[Dataset records]
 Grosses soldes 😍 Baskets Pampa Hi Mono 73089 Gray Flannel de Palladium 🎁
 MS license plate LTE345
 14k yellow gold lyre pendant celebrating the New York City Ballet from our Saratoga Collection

* * *

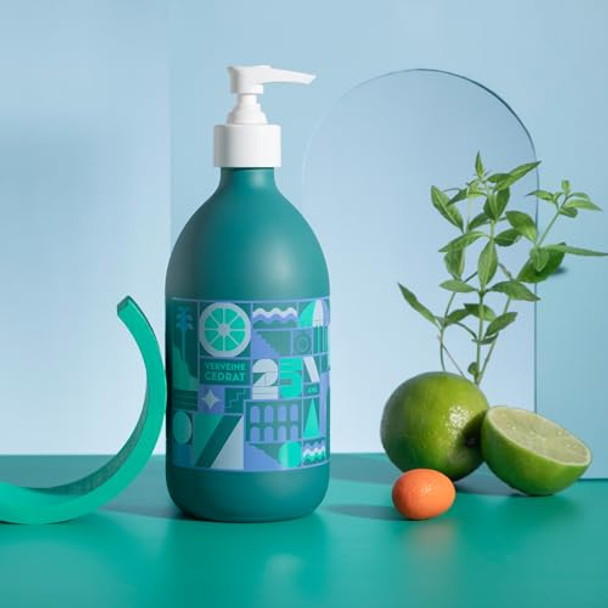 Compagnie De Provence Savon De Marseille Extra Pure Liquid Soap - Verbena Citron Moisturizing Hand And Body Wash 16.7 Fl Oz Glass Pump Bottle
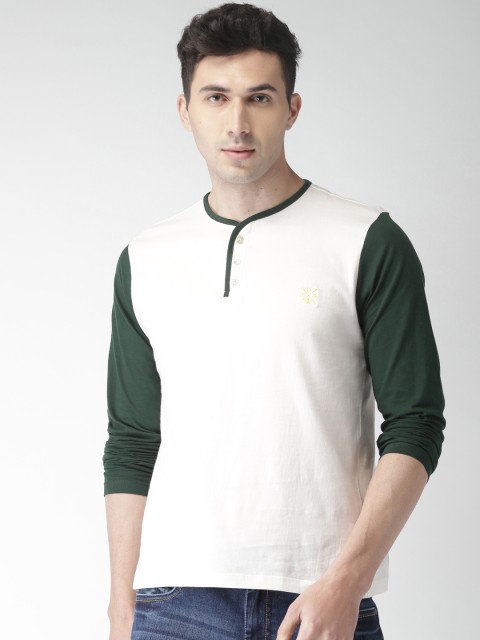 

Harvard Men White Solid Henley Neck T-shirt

[Exercise requirements]
Please transcribe only the lines in the records above running from the line that has "Grosses soldes 😍" through the line that has "14k yellow gold", both included, exactly as they appear.

[Solution for this problem]
 Grosses soldes 😍 Baskets Pampa Hi Mono 73089 Gray Flannel de Palladium 🎁
 MS license plate LTE345
 14k yellow gold lyre pendant celebrating the New York City Ballet from our Saratoga Collection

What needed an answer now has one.